Künstliche Intelligenz soll Schneeleoparden und Nutztiere in Pakistan schützen

In den schneebedeckten Bergen des nördlichen Pakistan lebt eines der geheimnisvollsten und gefährdetsten Tiere der Welt: der Schneeleopard. Von der Weltbevölkerung dieser Großkatze – geschätzt auf 4.000 bis 6.000 Tiere – leben rund 300 in Pakistan. Doch ihr Überleben ist bedroht – nicht nur durch Wilderei, sondern auch durch Konflikte mit lokalen Hirten.
Ein neues Projekt der Umweltschutzorganisation WWF in Zusammenarbeit mit der Lahore University of Management Sciences (LUMS) setzt nun auf künstliche Intelligenz (KI), um sowohl die Tiere als auch die Lebensgrundlagen der Menschen zu schützen.
Technik im Hochgebirge: Kameras mit KI und Solarstrom
In abgelegenen Bergregionen auf über 3.000 Metern Höhe wurden spezielle Kameras installiert. Diese werden mit Solarenergie betrieben und sind mit KI-Software ausgestattet, die zwischen Menschen, Haustieren und Schneeleoparden unterscheiden kann.

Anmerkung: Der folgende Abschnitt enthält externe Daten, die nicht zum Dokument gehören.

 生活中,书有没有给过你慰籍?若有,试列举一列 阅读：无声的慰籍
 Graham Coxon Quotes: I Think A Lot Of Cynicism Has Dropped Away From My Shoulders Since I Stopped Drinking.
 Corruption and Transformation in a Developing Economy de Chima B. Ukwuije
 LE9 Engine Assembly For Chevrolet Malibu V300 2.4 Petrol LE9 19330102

Sobald ein Schneeleopard erkannt wird, soll ein automatischer Textalarm per SMS an lokale Bauern gesendet werden. Ziel ist es, die Nutztiere rechtzeitig in Sicherheit zu bringen, bevor es zu Angriffen kommt. Die Geräte speichern Daten auch offline, falls kein Mobilfunknetz verfügbar ist – was in diesen abgelegenen Gegenden häufig der Fall ist.

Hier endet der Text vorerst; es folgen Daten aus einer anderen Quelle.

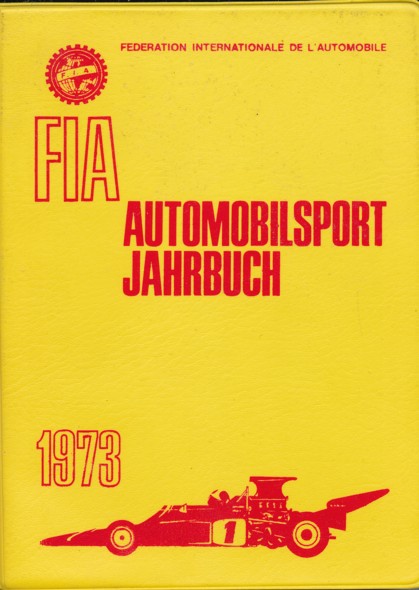   FIA (Federation Internationale de l'Automobile) AUTOMOBILSPORT JAHRBUCH 1973.  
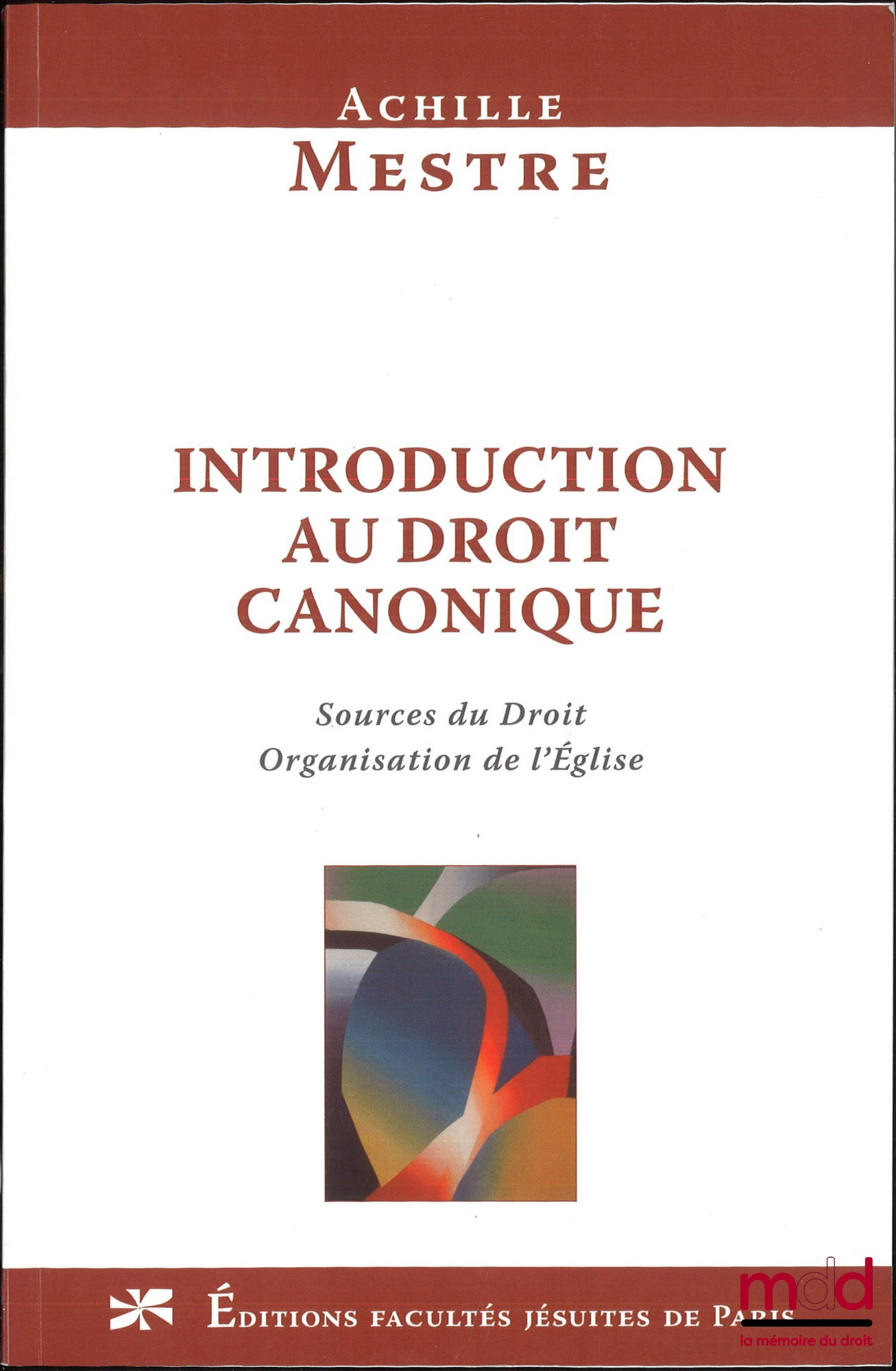 MESTRE (Achille) – INTRODUCTION AU DROIT CANONIQUE, Sources du droit et organisation de l’Église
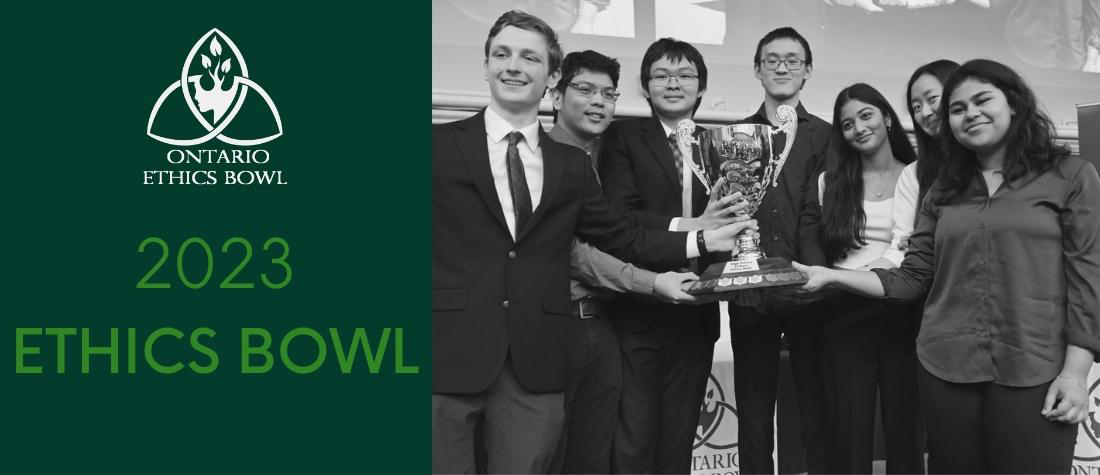 To the right, a black-and-white image of the two teams who placed first and second in the 2023 Ontario High School Ethics Bowl holding a trophy and smiling, There are four young men and three young women. To the left, the Ethics Bowl green background, with lighter green words, "2023 Ethics Bowl" and the Ethics Bowl logo in white.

Kameras im Testbetrieb – erste Erfolge sichtbar
Bisher wurden zehn dieser Kameras in drei Dörfern in der Region Gilgit-Baltistan installiert. Das KI-System wurde über drei Jahre hinweg trainiert, um möglichst präzise Ergebnisse zu liefern. Zwar erkennt es Menschen in dicker Winterkleidung manchmal auch als „Tier“, doch erste Aufnahmen von Schneeleoparden bestätigen die Funktionsfähigkeit des Systems.
Eines der Videoaufnahmen zeigt eine Schneeleopardin bei Nacht, wie sie ihr Revier markiert – eine Seltenheit, die nur durch die empfindlichen Infrarotkameras sichtbar wurde.
Herausforderungen vor Ort: Technik trifft Misstrauen
Neben den technischen Hürden – wie extremen Wetterbedingungen, Lawinen oder beschädigten Solarpanels – gibt es auch soziale Herausforderungen. In einigen Dörfern misstrauen die Bewohner der Technik. Kabel wurden durchtrennt, Kameras mit Decken abgedeckt.
Auch Datenschutz und kulturelle Sensibilität spielen eine Rolle: Einige Kameras mussten versetzt werden, da sie zu nah an Wegen standen, die Frauen regelmäßig nutzen. Zudem hat nicht jedes Dorf bisher die notwendigen Zustimmungen zur Kameraüberwachung gegeben.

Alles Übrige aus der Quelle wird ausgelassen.